As the media coverage of the pirates has increased, private security companies like Xe/Blackwater have stepped in, seeing profits. A few months ago, Blackwater executives flew to London to meet with shipping company executives about protecting their ships from pirate attacks. In October, the company deployed the MacArthur, its “private sector warship equipped with helicopters” to the Gulf of Aden. “We have been contacted by shipowners who say they need our help in making sure goods get to their destination,” said the company’s executive vice-president, Bill Matthews. “The McArthur can help us accomplish that.”
According to an engineer aboard the MacArthur, the ship, whose crew includes former Navy SEALS, was at one point stationed in an area several hundred miles off the coast of Yemen. “Security teams will escort ships around both horns of Africa, Somalia and Yemen as they head to the Suez Canal… The McArthur will serve as a staging point for the SEALs and their smaller boats.”
All of this is important to keep in context any time you see a short blurb pop up about pirates attacking ships. “Did we expect starving Somalians to stand passively on their beaches, paddling in our toxic waste, and watch us snatch their fish to eat in restaurants in London and Paris and Rome?” Hari asked. “We won’t act on those crimes — the only sane solution to this problem — but when some of the fishermen responded by disrupting the transit-corridor for 20 percent of the world’s oil supply, we swiftly send in the gunboats.”
***
Just as it seemed that this drama was coming to an end, the story has taken a very bizarre turn. It seems as though the pirates essentially tricked the ship’s “all-American” crew into handing over the Alabama’s captain, Capt. Richard Phillips.
After reports, based on Pentagon sources, emerged that the ship had been retaken by the US crew, word came from the ship that the captain of the “Alabama” had been taken by the pirates onto a lifeboat. The details of how exactly the four pirates managed to get the captain onto a lifeboat are still sketchy, but it seems a little bit like a scene out of a Marx brothers movie. The ship’s second mate Kenn Quinn was interviewed on CNN and described how the crew was essentially tricked into handing the captain over to the pirates. Quinn spoke to CNN’s Kyra Phillips:
Quinn: When they board, they sank their boats so the captain talked them into getting off the ship with the lifeboat. But we took one of their pirates hostage and did an exchange. What? Huh? Okay. I’ve got to go.
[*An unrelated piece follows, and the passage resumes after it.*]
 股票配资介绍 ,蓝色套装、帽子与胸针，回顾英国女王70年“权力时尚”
Phillips: Ken, can you stay with me for just two more seconds?
Quinn: What?
Phillips: Can you tell me about the negotiations, what you’ve offered these pirates in exchange for your captain?
Quinn: We had one of their hostages. We had a pirate we took and kept him for 12 hours. We tied him up and he was our prisoner.
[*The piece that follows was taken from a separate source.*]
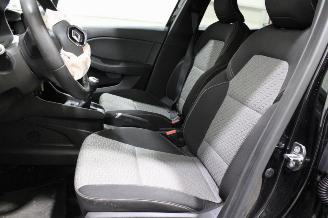 Renault Clio  picture 11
Phillips: Did you return him?
Quinn: Yeah, we did. But we returned him but they didn’t return the captain. So now we’re just trying to offer them whatever we can. Food. But it’s not working too good.”
As TV Newser pointed out, “Later Phillips gave what may be the understatement of the day: ‘It sounds like the pirates did not keep their end of the deal.’”
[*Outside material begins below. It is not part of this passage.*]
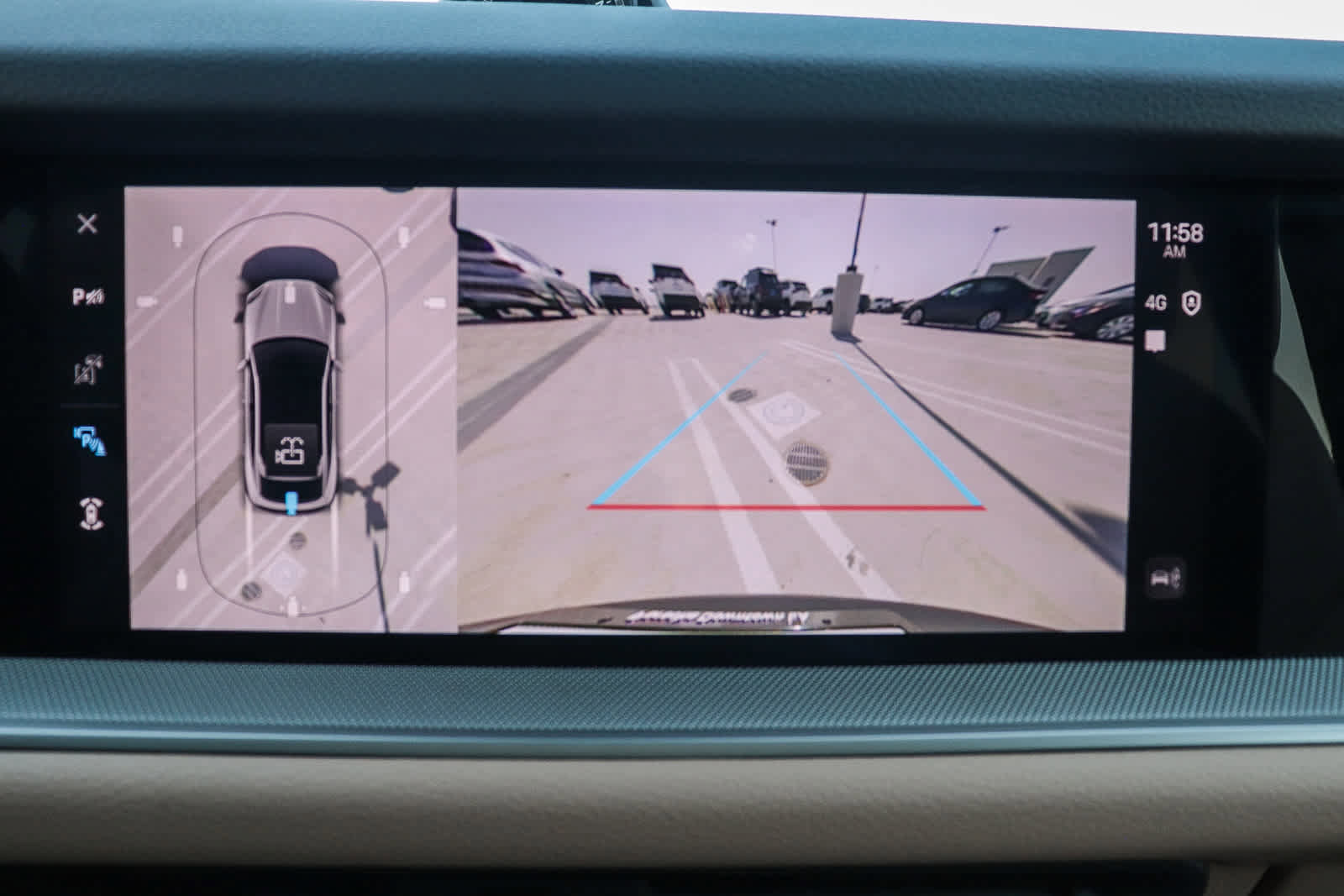 Used 2025 Porsche Cayenne Coupe image 38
UPDATE: At least one nuclear-powered U.S. warship is reportedly on its way to the scene of the hijacking off the coast of Somalia of a vessel owned by a major Pentagon contractor. A U.S. official told the Associated Press the destroyer USS Bainbridge is en route while another official said six or seven ships are responding to the takeover of the “Maersk Alabama,” which is part of a fleet of ships owned by Maersk Ltd., a U.S. subsidiary of a Denmark firm, which does about a half-billion dollars in business with the U.S. government a year.
Good article. I'm glad someone is trying to tell the other side of the story.